FOLKENFLIK: Anthony Weiner brought the scandal upon himself, but the media's coverage of this story from the moments after he set that errant tweet has been orchestrated almost entirely by one person: Andrew Breitbart. Breitbart has targeted liberal politicians and institutions, and he's a bombastic critic of the mainstream media. But in this case, he set the tempo for the press.
The pictures shooting around the world were first posted on his sites. Even the network TV interview with one of Weiner's tweet-hearts was brokered by Breitbart. And Weiner singled him out for attack during a defensive interview last week on CNN.
Yesterday, before Weiner's tearful confession, Breitbart stole the spotlight, once again hopping up behind the lawmaker's lectern at a Midtown Manhattan hotel, where he proceeded to lecture both Weiner and the press corps.
Mr. ANDREW BREITBART (BigGovernment.com): The media says Breitbart lies, Breitbart lies, Breitbart lies, Breitbart lies. Give me one example of a provable lie.

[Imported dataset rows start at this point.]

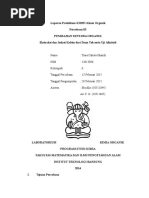 Download Laporan Percobaan Kimia Organik - Isolasi Kafein dari Daun Teh by Tiara Calista SN297961988 doc pdf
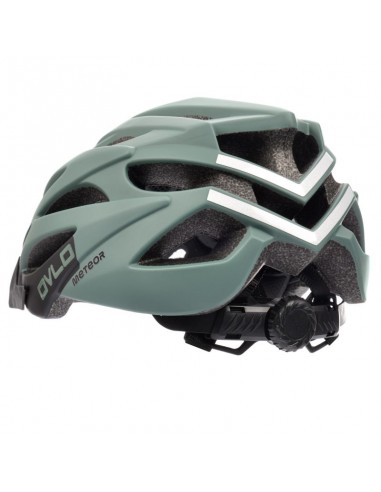 Meteor Ovlo S 16868 Bike Helmet 5256 cm Green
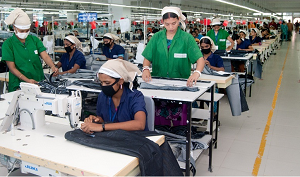 Sewing line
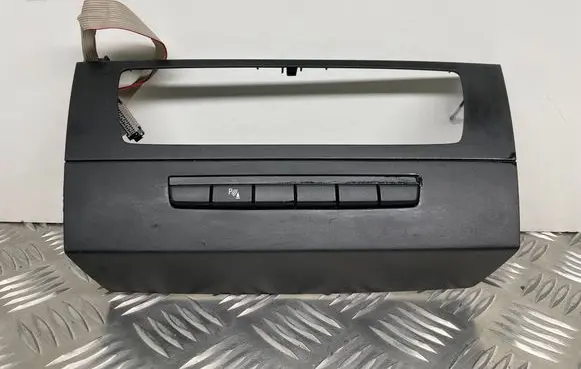 BMW 3 E90 E91 Climate control/heater control trim 9120979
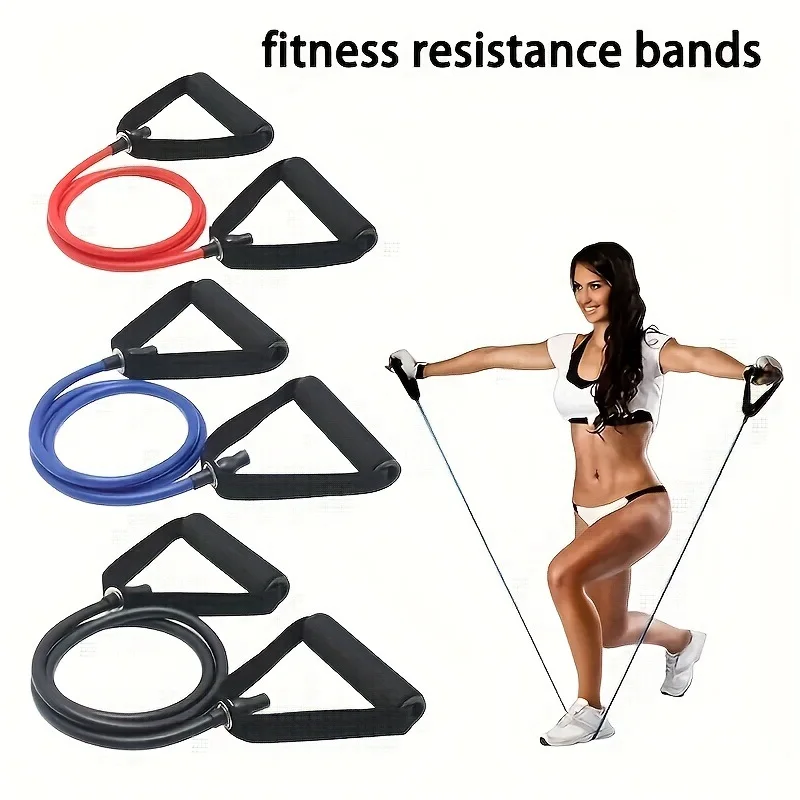 5-Level Resistance Bands With Handles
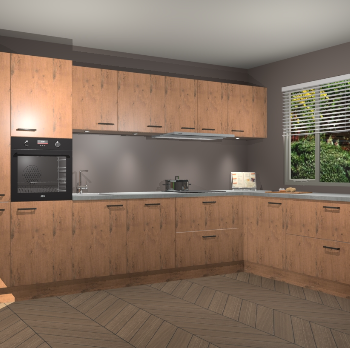 Astoria Eiken keuken Petten 94119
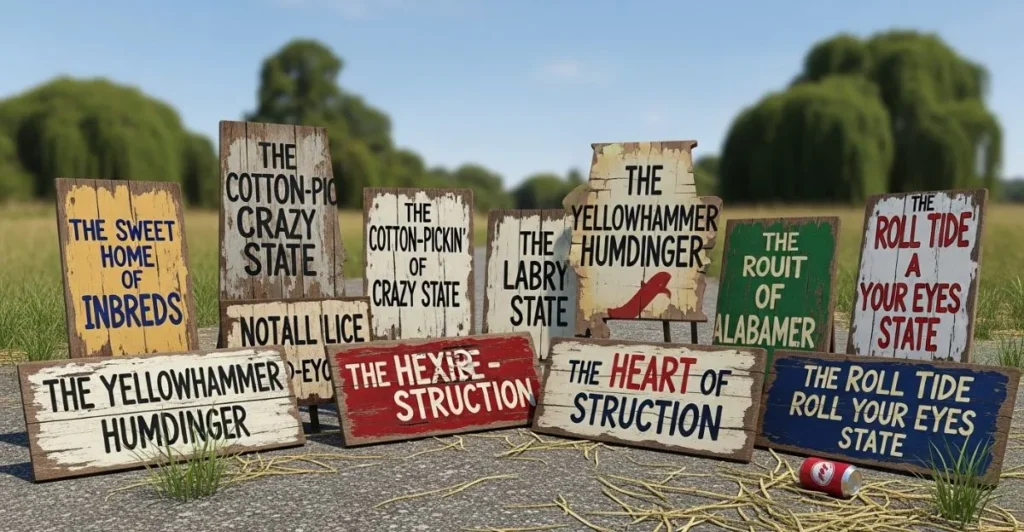 Funny Alabama Nicknames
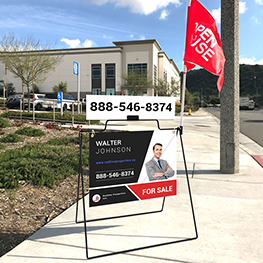 Real Estate A-Frame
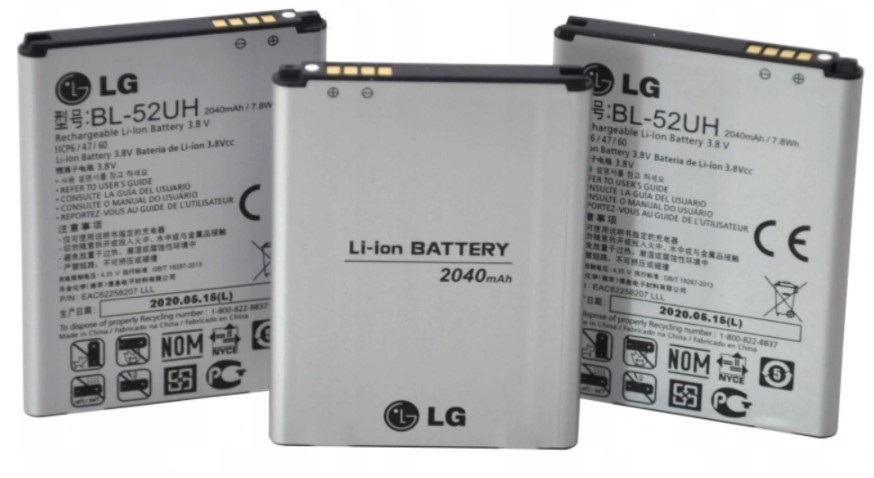 

Bateria Lg BL-52UH Spirit H420 L65 L70 2040mAh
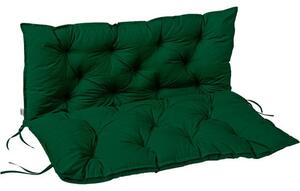 STILIST poduszka na ławkę, 98 x 100 x 8 cm, zielona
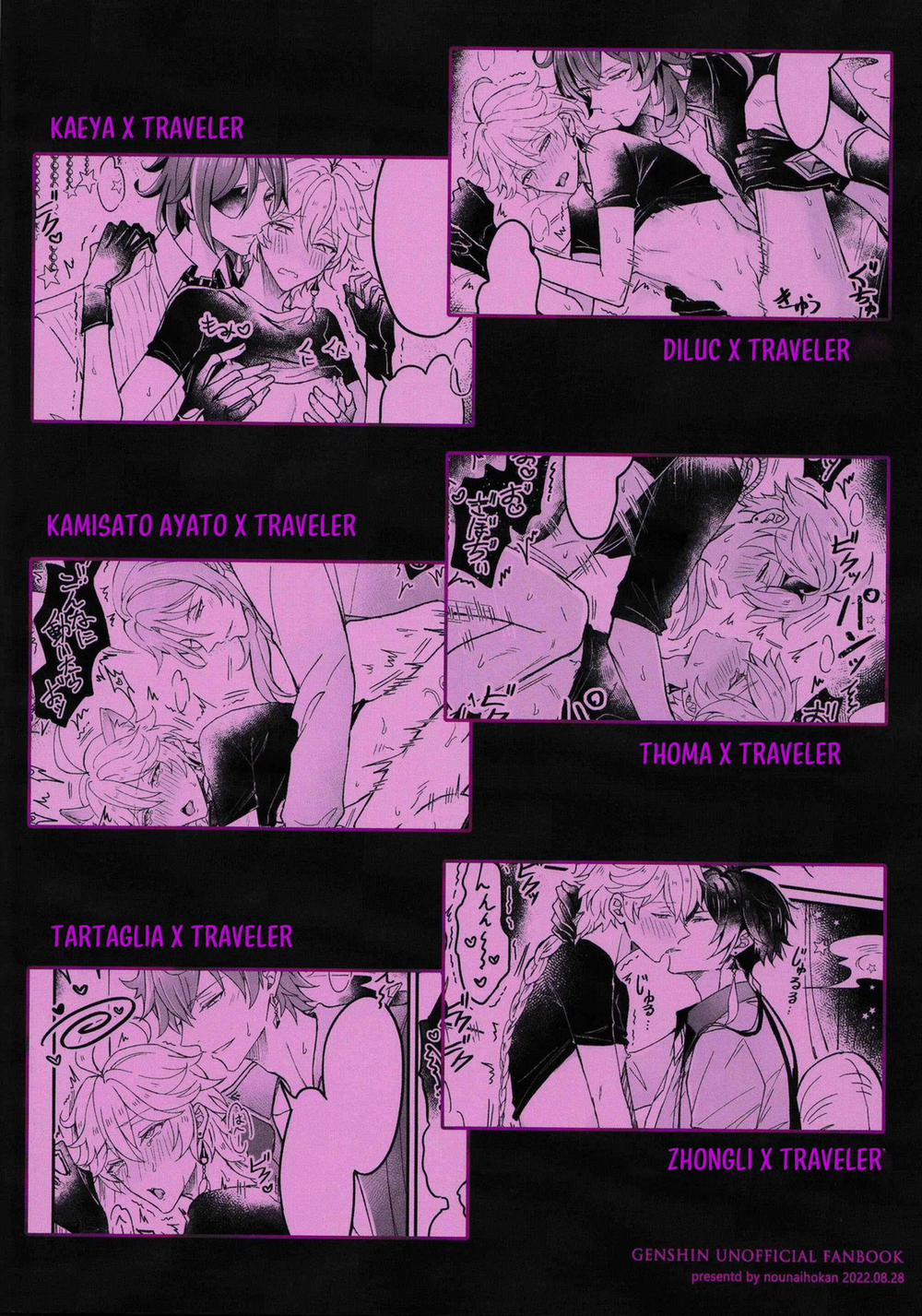 Tổng Hợp Oneshot Genshin Impact 44 AllAether trang 31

One.
FOLKENFLIK: Breitbart was happy to embarrass a fierce liberal fighter, and got a lead to Meagan Broussard, a single mother from Texas, who said she had swapped racy photos with Weiner.
The thing about Breitbart is that he veers back and forth between sounding like an opinion journalist and a conservative activist. When Breitbart describes how his sites made use of Broussard's pictures, he sounds like a journalist.
Mr. BREITBART: Evenly pace it, let people savor the first photo and then, you know, tell them that there's going to be another one, and, you know, get people into that refreshing mindset.
FOLKENFLIK: But when Breitbart describes why he was doing it, he sounds like an activist.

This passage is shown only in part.